Investors do better with low-cost funds: Morningstar

Low-cost funds and automatic investing programs can help narrow gap between fund performance and investors' returns

Jun 5, 2017 @ 5:15 pm

By InvestmentNews

If investors want to narrow the much-publicized shortfall between mutual funds' money-weighted and time-weighted returns and their own returns in those funds, they should use systematic investment programs and invest in lower-cost funds, according to research from Morningstar.

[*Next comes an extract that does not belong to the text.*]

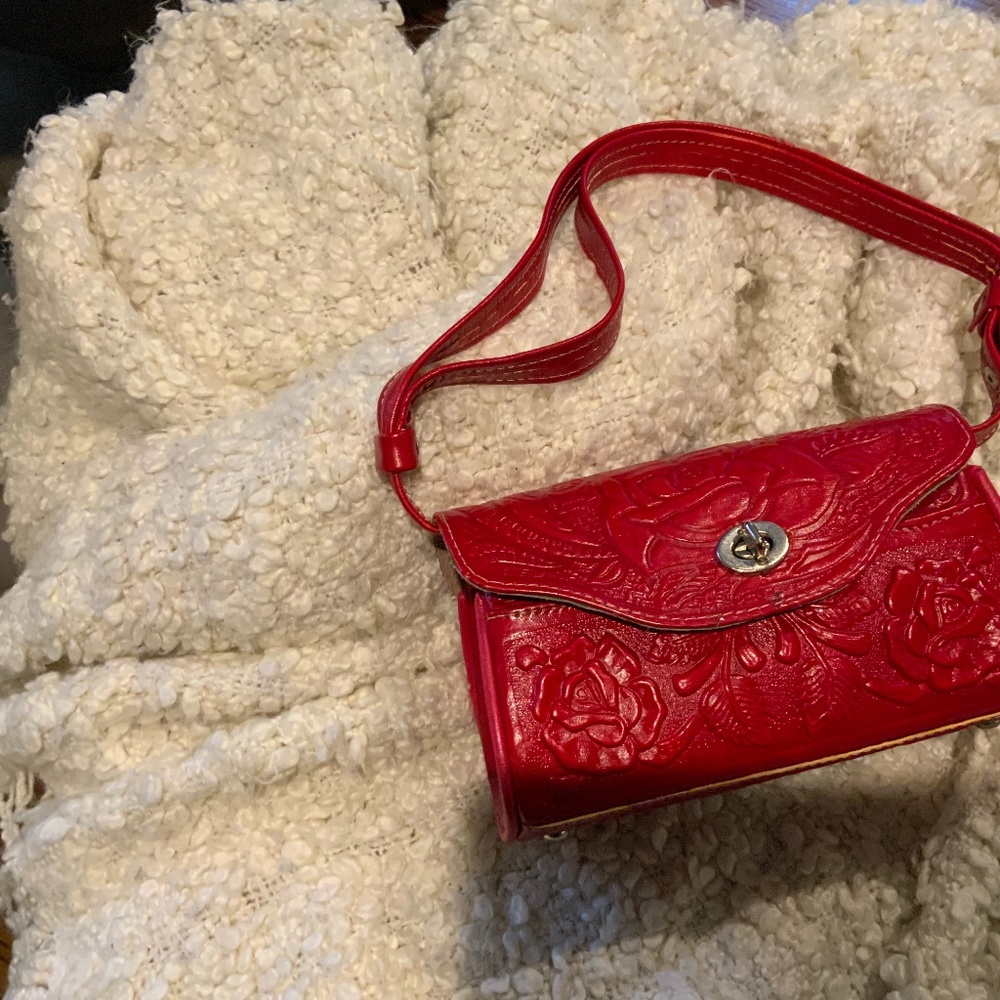 Red embossed leather bag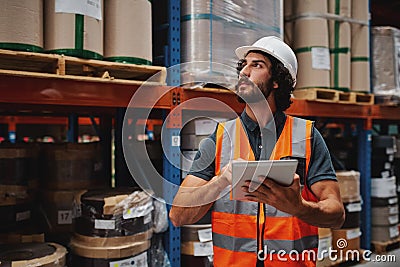 Handsome young bearded man wearing safety vest and hard hat using digital tablet entering data in warehouse standing Stock Photo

In its first global study of investor returns, "Mind the Gap 2017," Morningstar found that investor returns across the globe varied from stated returns, on average, by a range of -1.40% to 0.53% per year for the five years through the end of 2016. The gap in the two return figures is largely the result of buy and sell timing decisions on the part of fund investors.

(More: Popularity of index funds and ETFs driving down average costs: Morningstar)

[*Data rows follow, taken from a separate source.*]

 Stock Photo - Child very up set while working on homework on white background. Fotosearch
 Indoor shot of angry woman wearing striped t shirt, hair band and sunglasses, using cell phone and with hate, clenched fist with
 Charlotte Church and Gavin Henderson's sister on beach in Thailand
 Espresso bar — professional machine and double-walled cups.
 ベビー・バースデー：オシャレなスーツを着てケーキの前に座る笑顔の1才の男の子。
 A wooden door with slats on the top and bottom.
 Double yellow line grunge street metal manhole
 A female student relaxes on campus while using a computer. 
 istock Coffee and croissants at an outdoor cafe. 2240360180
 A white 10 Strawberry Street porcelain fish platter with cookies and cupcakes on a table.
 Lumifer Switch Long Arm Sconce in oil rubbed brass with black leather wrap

The research company examined open-end mutual fund data from Australia, Canada, Hong Kong, Luxembourg, Singapore, South Korea, Taiwan, the United Kingdom and the United States, and calculated average asset-weighted investor returns and average total fund returns. It also looked at the effect on investor returns of four factors: expense ratio, risk, standard deviation and manager tenure.

"Steady investment contributions to savings plans and automatic rebalancing proved to be key in generating positive investor returns in countries including Australia, South Korea and the United States," said Russel Kinnel, chair of Morningstar's North America ratings committee.

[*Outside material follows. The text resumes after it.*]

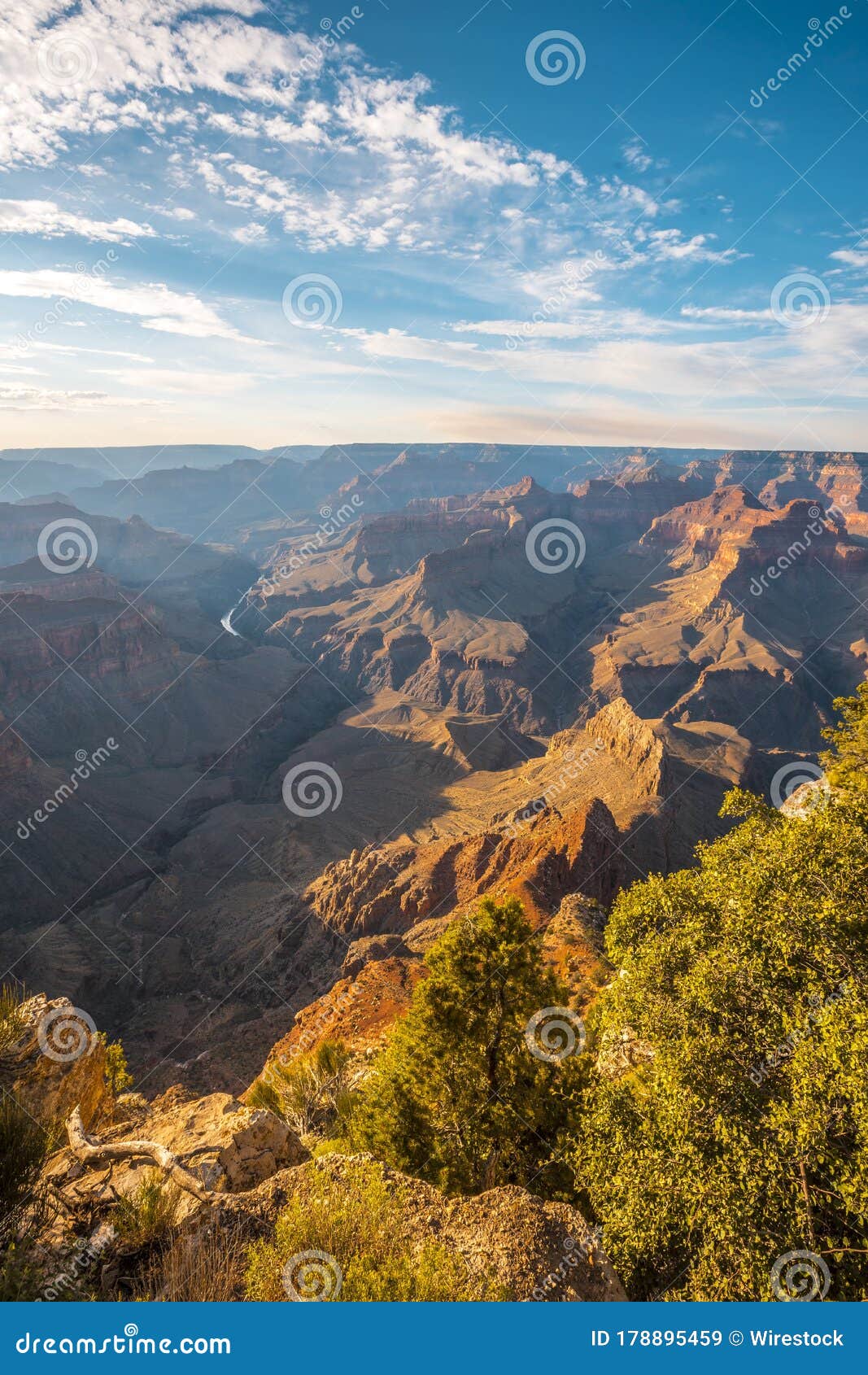 Beautiful Vertical Shot Of Landscape Of The Grand Canyon Under A Blue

"As savings plans increasingly offer an automatic investment option, investors are also getting more access to lower-cost funds. Our research demonstrates that, when sorted on fees, lower-cost funds produced better investor returns across the board, a trend surfacing in Luxembourg and the United States," he said.

(More: Investments that advisers should look at in an overheated market)

In Australia, where corporate pension plans known as superannuation funds mandate hefty contributions by employers, investors benefited from the largest positive investor return gap at 0.53% per year.

In the U.S., the investor return gap shrunk to 37 basis points annualized over 10 years from 54 basis points for the 10 years ended 2016, indicating that investors are making less harmful market timing calls.

When grouped by expense ratio, investor returns declined as funds rose in cost, often by more than the difference in cost.

The report was produced by Morningstar's Canadian subsidiary.